Com isso, é possível utilizar expressões e palavras arcaicas em poemas, livros, roteiros ou músicas. Esse recurso é comum em novelas brasileiras que retratam períodos antigos de País, quando esses termos eram bem frequentes.

O gênio da literatura brasileira Machado de Assim utilizava com maestria o arcaísmo para deixar seus textos mais rebuscados. Em seu clássico Dom Casmurro é possível encontrar palavras como “mocetão”, “alvitre” e “amofinar”.

Outros erros de linguagem

Além do arcaísmo, há outras formas de expressão que precisam ser evitadas na comunicação oral ou escrita.

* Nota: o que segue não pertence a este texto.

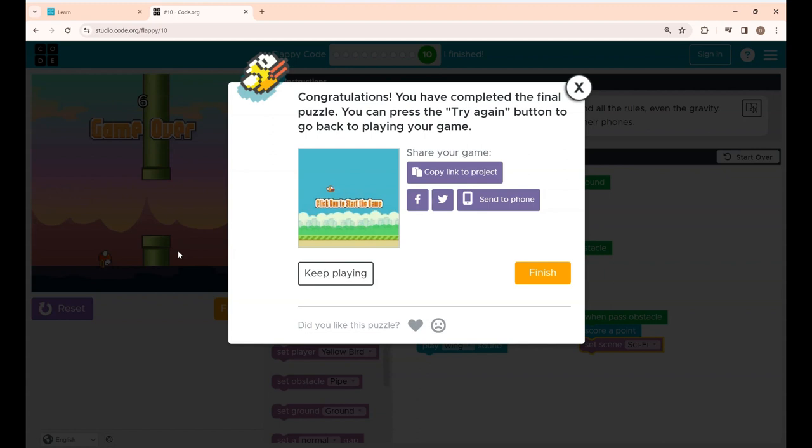That's it guys, I have completed puzzle 10 by creating my own Flappy game with the blocks given there. Hope you all had fun. See you all in another video. Thanks for watching.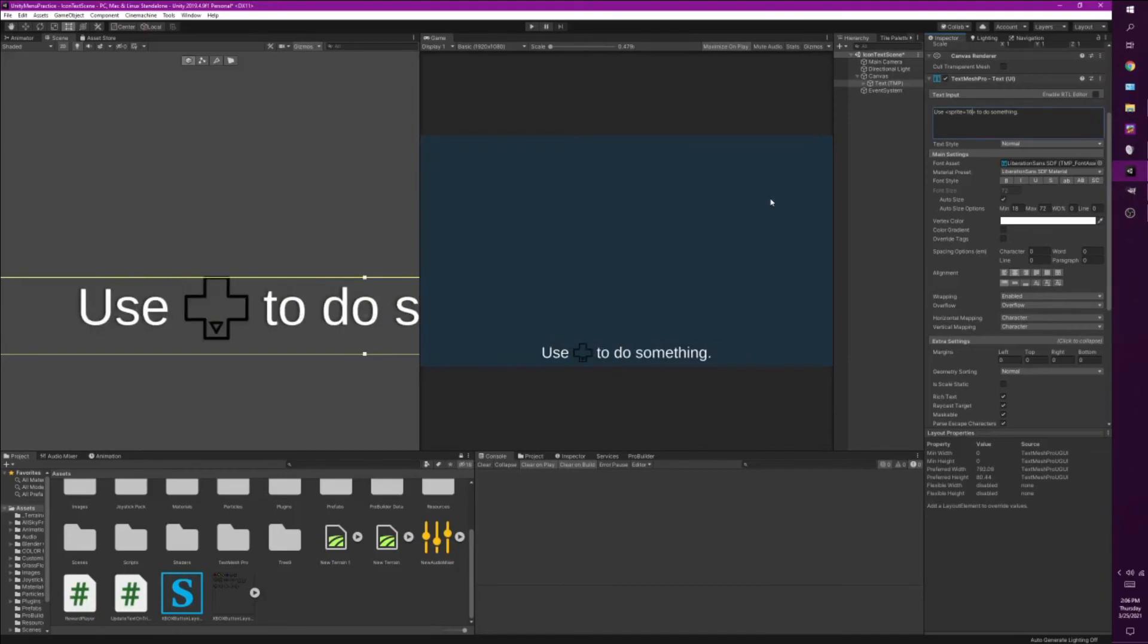So that's pretty much it for adding images and icons into your UI. Hope you guys like this video. See you later.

Uma delas é o barbarismo, que se refere a um erro na pronúncia ou redação de uma palavra como, por exemplo, “pobrema”.

Outro recurso que deve passar longe do idioma português é o estrangeirismo, cometido quando é empregado um termo em outra língua, mas já existe uma palavra similar em português, por exemplo, “outdoor”, “gentleman” e “lady”.

Um equívoco bastante comum, seja por desconhecimento da forma correta ou para tentar enfatizar uma informação, é o emprego do pleonasmo. Todo mundo já deve ter ouvido a sentença “entra para dentro” (é possível entrar para fora?).

A colisão é uma forma de comunicação que deve ser evitada. Fica entranha ao ser pronunciada ou escrita. Consiste na utilização sequencial da mesma consoante em várias palavras, como em “o rato roeu a roupa do rei de Roma”.